Abstract
Fair division studies how to fairly allocate items to a group of agents with heterogeneous preferences, which has been a hot topic in the research fields of computer science, economics, and mathematics. This thesis presents the results of fair division with a focus on asymmetry, constraints, and dynamics in four parts.In Chapter 3, we consider one novel fairness definition named maximin-aware (MMA) in the chores setting. We first generalize MMA and its relaxations to the asymmetric setting when the items are chores. Then, we build a clear relationship graph between MMA-related notions and other classic fairness concepts. Finally, we design polynomial time algorithms to approximate them.

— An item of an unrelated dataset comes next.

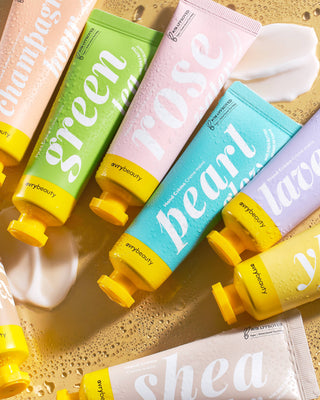 Colorful hand cream tubes with visible brand name on a textured surface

In Chapter 4, we propose a novel restricted setting where items are distributed in multiple regions, and each agent can only pick items from one region. In this setting, we consider two kinds of fairness concepts: envy-based and share-based. On the negative side, we show some hardness and inapproximability results about the notions above. On the positive side, we propose several algorithms to approximate them.
In Chapter 5, we study the envy-based notion - EFX in graphs where the vertices and edges represent agents and items, respectively. We extend the previous work on goods setting to the mixed one and provide an almost complete landscape of this problem, including hardness and existence results with respect to different variants of EFX.
In Chapter 6, we focus on online indivisible items allocation, expanding on the classic offline setting. In particular, we explore this problem where valuation functions are not restricted to binary ones and adopt envy-based and share-based notions. For two kinds of notions, we present a series of positive results regarding the existence of fair and efficient allocations. Additionally, we complement our results by constructing some counterexamples to establish our results as among the best guarantees possible.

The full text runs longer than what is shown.